THE Moose’s Tooth, which lies in a majestic setting near Mount McKinley, is one of Alaska’s most spectacular mountains. It is a combination of Yosemite big walls, with heavily corniced ridges. “So convoluted is the topography of the Tooth, that from each side it appears a different mountain; so bizarre and alluring are its forms that climbers are still plotting new campaigns, new routes.” (Ascent 1972). In June of 1964 the first and only previous ascent of the Moose’s Tooth was accomplished by four Germans: Welsch, Bierl, Hasenkopf, and Reichegger. Their route went up the beautiful northwest ridge. Throughout the past ten years numerous attempts have been made on this mountain, with the east face being the most popular in recent years. The southwest face was untried, and it looked superb!

On June 7, Cliff Hudson flew Mike Clark, Charlie Porter, John Svenson and me into the Ruth Glacier area. We spent several days finding our way through the heavily crevassed Ruth Glacier and up a 1000- foot avalanche gully to the base of the southwest face. In less than a week we were at the base of the face; ready!

We began climbing as soon as possible (just after our last load carry). And we managed to fix four-and-a-half pitches in between spells of poor weather. On June 17 we began upwards, regardless of the weather.
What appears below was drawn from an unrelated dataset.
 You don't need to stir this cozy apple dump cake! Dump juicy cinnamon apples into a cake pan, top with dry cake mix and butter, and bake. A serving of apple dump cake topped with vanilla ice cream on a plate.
It felt good to be on a rock face again. The climbing up to the end of the fixed lines had involved mostly free climbing. Sometimes we had to chop away ice that filled some of the cracks to allow placement of protection or feet. After leaving the ice corner, the climbing required more aid, but at least we were drier. At the top of the eighth pitch was to be our first bivouac on an assortment of insignificant sloping snow and sandy ledges. Some of us decided on hammocks.

Heavy rain and some falling ice woke us the next morning. By late afternoon the rain stopped and we made our way upward. John Svenson and Mike Clark, the lead team for this day, ended their day on top of Tea Party Pinnacle, one of the most spectacular bivy spots on the climb; it was even comfortable, for everything except sleeping.
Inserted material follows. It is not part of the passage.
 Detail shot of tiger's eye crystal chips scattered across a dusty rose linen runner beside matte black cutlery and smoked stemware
Cloudless skies and a picturesque panorama rewarded us for opening our eyes before four A.M. We stuffed all our wet gear into the four haul bags, sorted hardware, untangled ropes and finally Charlie Porter and I began climbing upwards into the Slabs area. The Slabs, 500 feet of some of the most outstanding free climbing on the route, consisted of crack systems that made their way through an enormous clean, smooth area. An added attraction of this section was the absence of any serious ice or rockfall, which had plagued us on the pitches below. But the loud noise was still with us.

During our wait in Talkeetna we had decided to do something irregular: haul, drag or carry a moose antler up the mountain. After three days on the face it was still with us. The antler actually gave us fewer problems than the haul bags. Another long day of climbing. Another storm. Another hammock bivy. Day three was over.
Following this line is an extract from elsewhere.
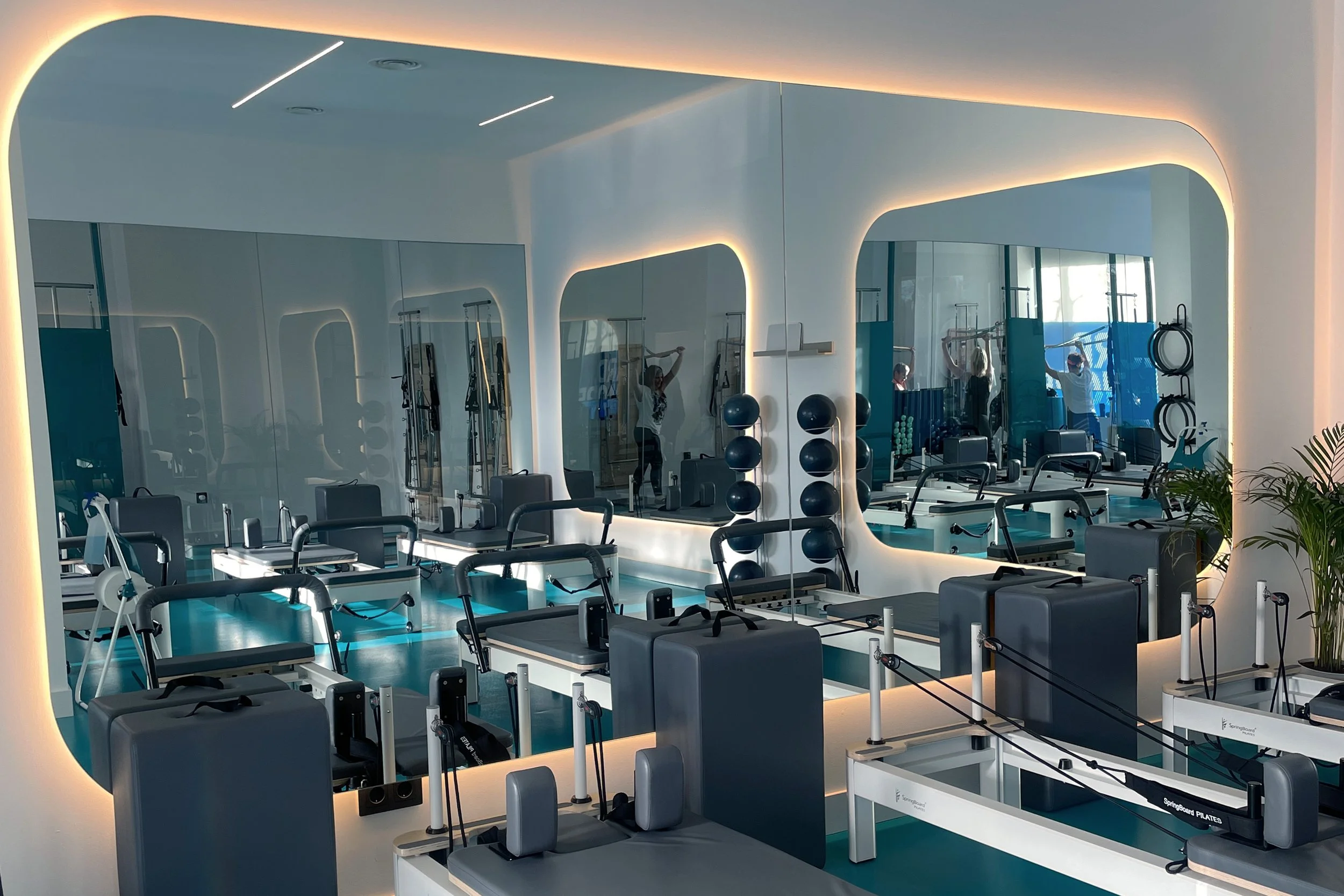 Interior de un gimnasio moderno con equipos de ejercicio, espejos y una iluminación suave en el techo.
Poor sleeping accommodations forced an early start. Several pitches later Mike Clark yelled down that he saw a large snow patch, a pitch or so away, possibly the beginning of the upper snow field. So close, so soon? No, this snow was barely a patch, the summit snowfield was nowhere in sight, and the rock on the pitches ahead was the worst imaginable. We bivouacked just below the rotten section, and wondered.

The next day-and-a-half were the worst climbing of the route: rotten, crackless rock that resembled dirt rather than granite. Protection was unreliable. Free climbing was hazardous; aid climbing, insane. The leader’s peel potential was extreme. The mountain was in total control. We made it through this rotten mess wondering if the whole east face was like this.

On June 22, at two A.M. we were all settled down in an assortment of “comfortable” bivy spots. We had just completed the last pitch of high-angle rock climbing (in the worst storm of the climb). Tomorrow?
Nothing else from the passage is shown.